**EXERCISE DETAILS:** Show every line from the entries that follow which holds the word "Avant".

Extracted data entries
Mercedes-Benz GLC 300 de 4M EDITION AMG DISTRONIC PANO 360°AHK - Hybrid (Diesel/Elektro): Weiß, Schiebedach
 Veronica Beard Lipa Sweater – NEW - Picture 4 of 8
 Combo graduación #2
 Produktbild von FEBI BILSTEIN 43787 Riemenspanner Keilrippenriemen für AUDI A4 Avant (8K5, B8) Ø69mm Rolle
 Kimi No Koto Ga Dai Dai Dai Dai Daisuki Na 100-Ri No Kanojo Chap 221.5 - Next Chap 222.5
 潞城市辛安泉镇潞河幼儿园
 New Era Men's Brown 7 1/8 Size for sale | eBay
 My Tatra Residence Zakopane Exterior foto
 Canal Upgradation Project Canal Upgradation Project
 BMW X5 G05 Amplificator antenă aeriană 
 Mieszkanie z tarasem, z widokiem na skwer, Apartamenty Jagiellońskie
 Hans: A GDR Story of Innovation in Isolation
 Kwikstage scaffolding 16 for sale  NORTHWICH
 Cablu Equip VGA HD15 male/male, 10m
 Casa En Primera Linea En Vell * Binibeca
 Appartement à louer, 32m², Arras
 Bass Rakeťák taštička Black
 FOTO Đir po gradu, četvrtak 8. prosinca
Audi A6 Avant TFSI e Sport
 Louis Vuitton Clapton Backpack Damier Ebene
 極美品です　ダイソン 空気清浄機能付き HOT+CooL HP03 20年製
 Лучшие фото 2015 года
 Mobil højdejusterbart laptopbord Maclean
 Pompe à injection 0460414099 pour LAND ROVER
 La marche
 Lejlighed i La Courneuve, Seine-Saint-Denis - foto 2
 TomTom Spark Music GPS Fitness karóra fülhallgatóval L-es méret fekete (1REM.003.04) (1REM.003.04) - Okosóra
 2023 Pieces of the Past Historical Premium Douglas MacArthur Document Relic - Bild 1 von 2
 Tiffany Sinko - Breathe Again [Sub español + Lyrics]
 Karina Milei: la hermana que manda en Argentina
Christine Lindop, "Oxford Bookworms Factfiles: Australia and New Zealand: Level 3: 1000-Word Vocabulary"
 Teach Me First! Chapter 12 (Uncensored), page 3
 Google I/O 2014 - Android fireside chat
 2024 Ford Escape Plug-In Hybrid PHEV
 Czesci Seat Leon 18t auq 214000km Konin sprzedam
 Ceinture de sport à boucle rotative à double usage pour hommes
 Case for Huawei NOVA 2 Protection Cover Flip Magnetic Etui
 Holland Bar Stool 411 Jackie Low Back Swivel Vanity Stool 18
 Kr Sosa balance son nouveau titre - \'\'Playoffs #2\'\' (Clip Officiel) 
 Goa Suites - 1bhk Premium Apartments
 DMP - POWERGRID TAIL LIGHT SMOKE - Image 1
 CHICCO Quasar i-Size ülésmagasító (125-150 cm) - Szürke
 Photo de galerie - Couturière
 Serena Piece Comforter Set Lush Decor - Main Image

**SOLUTION TO THIS EXERCISE:**
 Produktbild von FEBI BILSTEIN 43787 Riemenspanner Keilrippenriemen für AUDI A4 Avant (8K5, B8) Ø69mm Rolle
Audi A6 Avant TFSI e Sport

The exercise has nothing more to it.